Designing a Hybrid DEA–ANN Model for Predicting and Optimizing Risk Management in the Digital Supply Chain of the Steel Industry

Authors

    Nadia Shahmohamadi Department of industrial Management , CT.C., Islamic Azad University,Tehran, Iran
    Hossein Moeinzad * Department of industrial Management, CT.C., Islamic Azad University,Tehran, Iran moinzad@iauctb.ac.ir
    Safiyeh Mehri Nejad Department of Financial Management, CT.C., Islamic Azad University,Tehran,Iran
    Mohammadali Keramati Department of industrial Management, CT.C., Islamic Azad University,Tehran, Iran

Keywords:

Digital transformation, digital supply chain, risk management, artificial neural network

Abstract

This study aims to design and validate an intelligent hybrid DEA–ANN model to predict and optimize risk management in the digital supply chain of the steel industry.

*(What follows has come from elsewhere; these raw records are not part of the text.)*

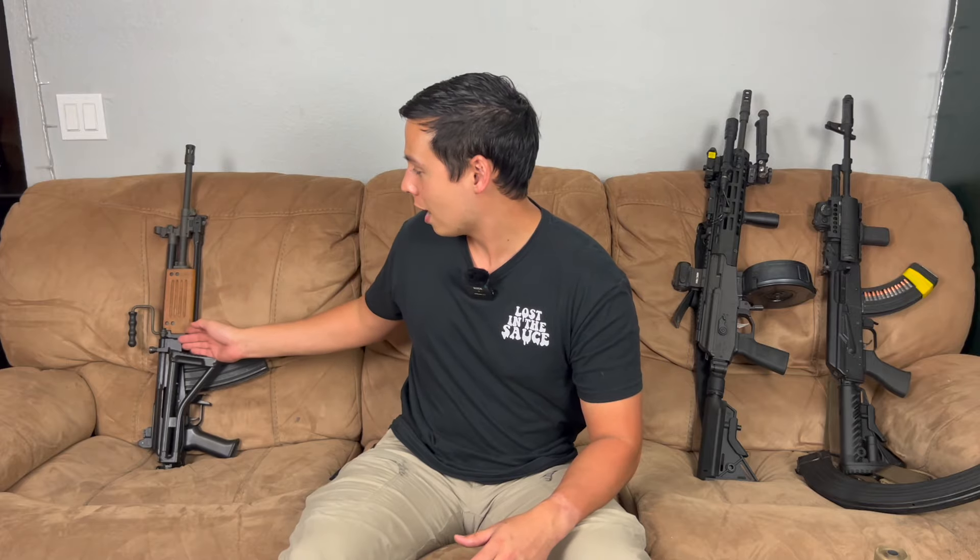What's up guys, Ryan here from Mudgunner. Today I wanted to talk about my Galil setups. I have a couple here — an old IMI Galil and a modern IWI Galil. They're basically the same company. IMI stands for Israeli Military Industries and IWI stands for Israeli Weapon Industries. It's relatively the same design, just way updated on the IWI.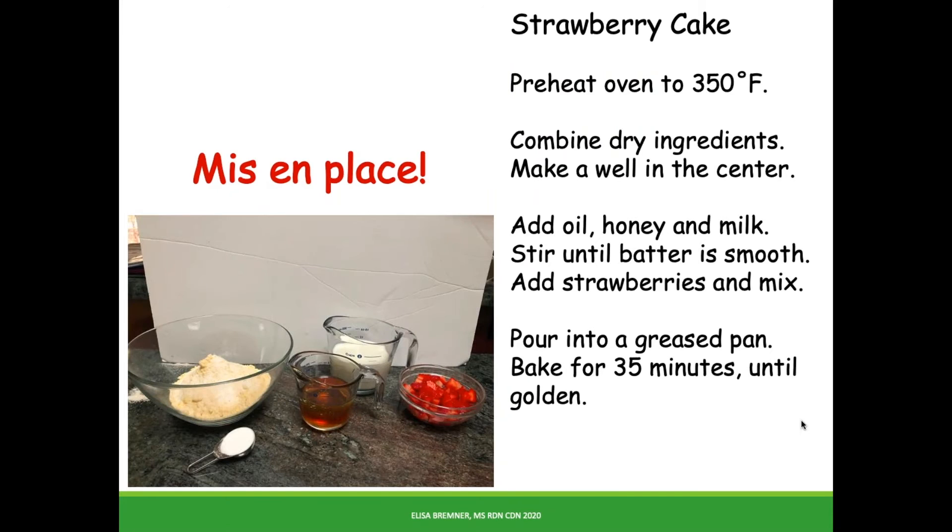First, remember what I said about getting everything together before you start. The French and real chefs call it mise en place. Pardon my poor accent. And my top tip for measuring honey: measure the oil first. That way it puts a slippery coating on the measuring cup so the honey slides out when you need it.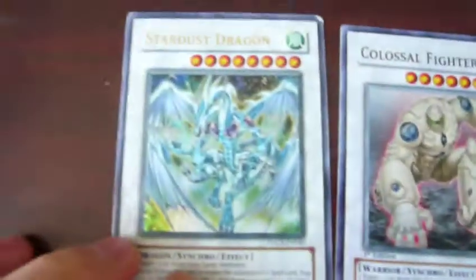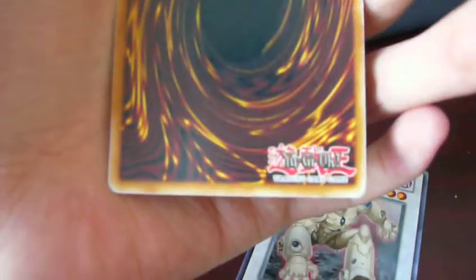The Stardust is in really bad shape. Corners — you can see the white there. The edges are really played. The back is also really played.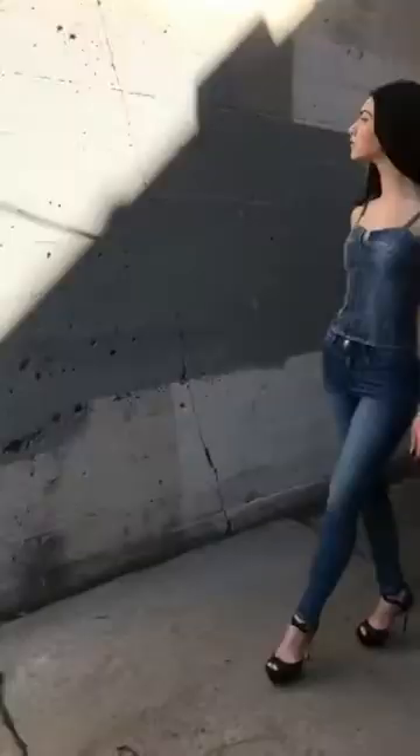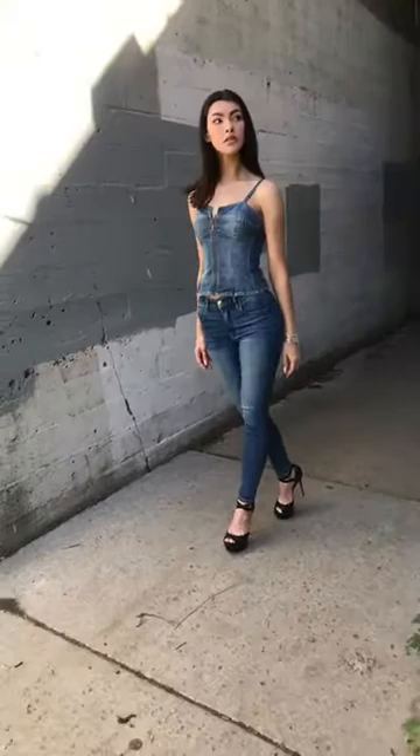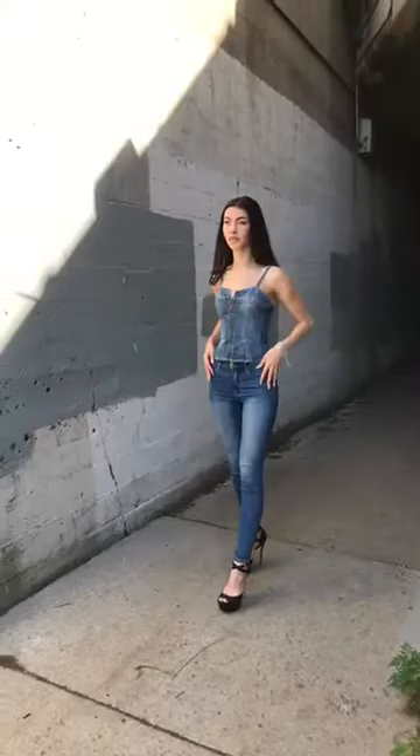Look slightly the other way. And remember your hands are in the shot too. So when you're coming forward, always bring your arms forward.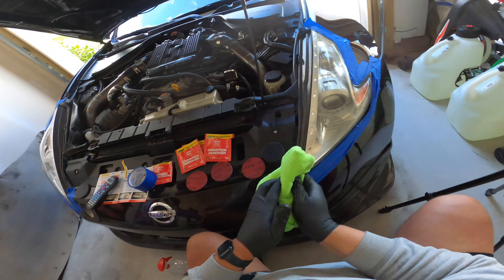Now we're going to use 3000 grit. Make sure you get a dry one. You guys see the haziness? Everything looks hazy and even.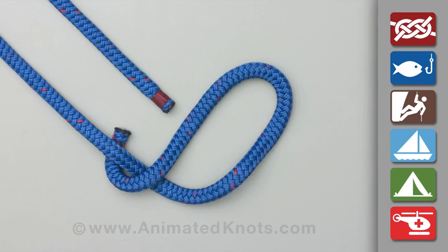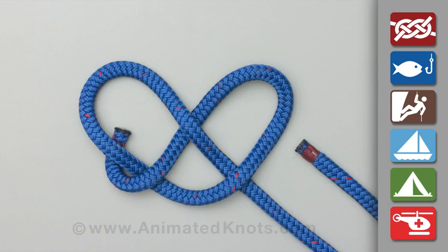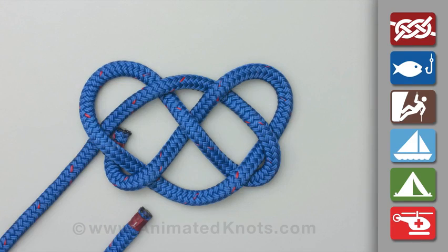Start by making a loop, and then weave the rope through this loop using an under and over sequence. Then thread the rope back to the start, still using the same under and over sequence.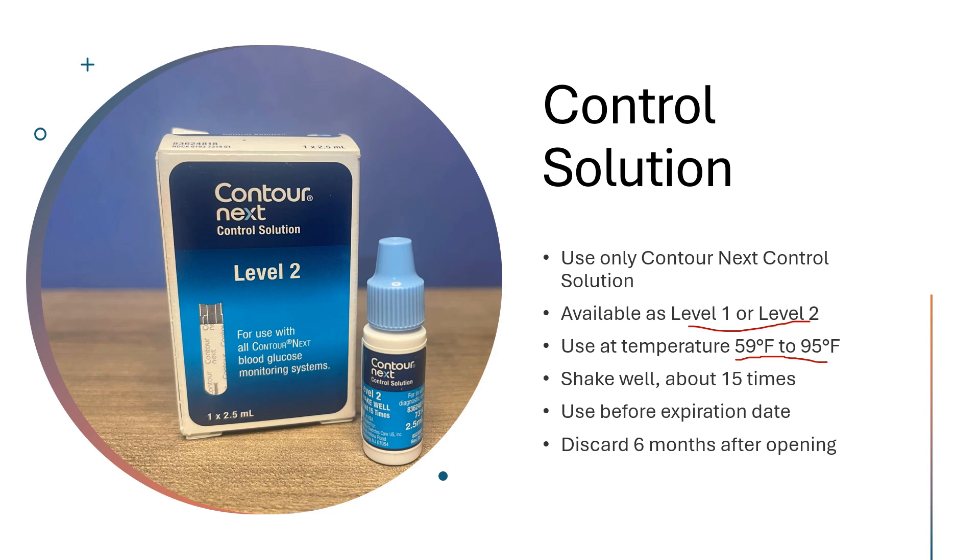Prior to using, you need to shake it well — about 15 times is what the manufacturer recommends. You want to use it before the expiration date, and you should discard the control solution six months after you open the bottle.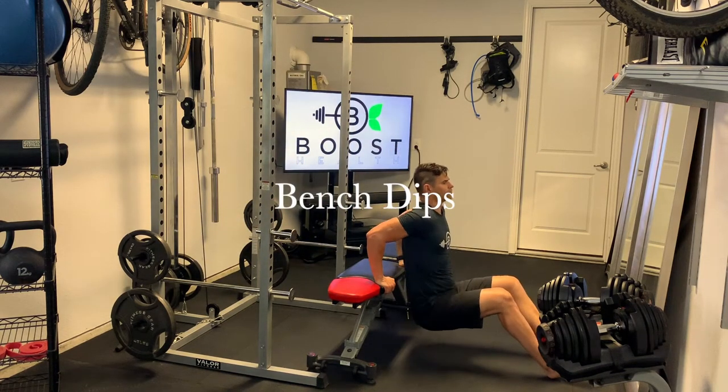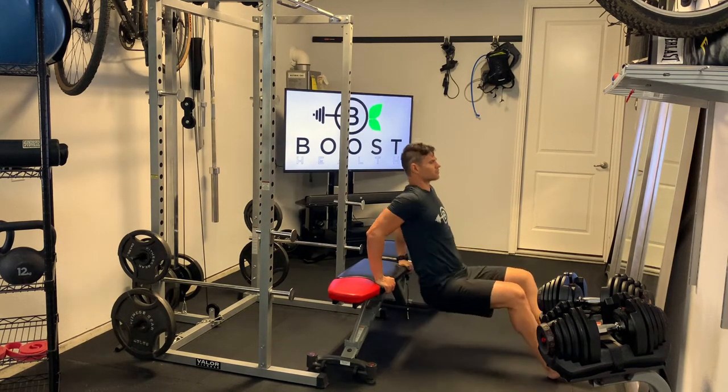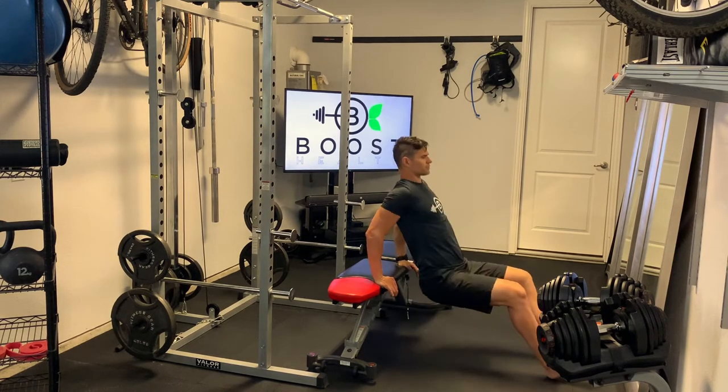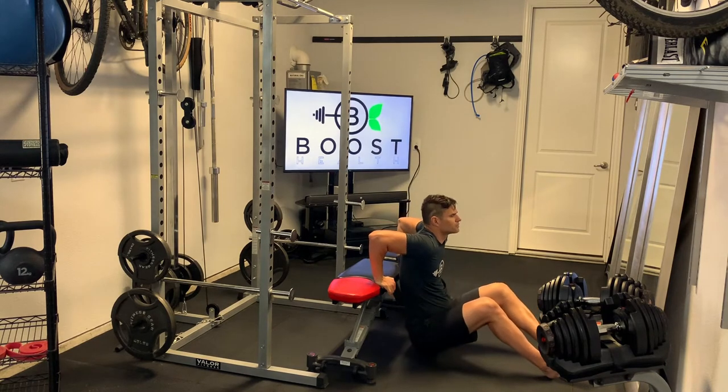These are bench dips, a great exercise for the triceps. We're just going to try to hit our favorite angle in fitness with our elbow, which is 90 degrees, and at the top we want to drive up and through the chest.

This applied mixed-method research identified 160 digital supply chain risks through a systematic literature review and expert interviews. Risk indicators including probability, severity, and detectability were quantified using questionnaires. Risk Priority Numbers were calculated, optimized via Data Envelopment Analysis with cross-efficiency, and subsequently used to train an Artificial Neural Network for predictive modeling. The results indicate that the hybrid DEA–ANN model, with an optimized two-hidden-layer architecture, demonstrates strong explanatory power and accurately predicts variations in risk efficiency, showing low prediction error and a satisfactory coefficient of determination. The proposed model provides an effective intelligent tool for risk prediction and decision support in digital steel supply chains and represents a robust alternative to conventional risk assessment approaches.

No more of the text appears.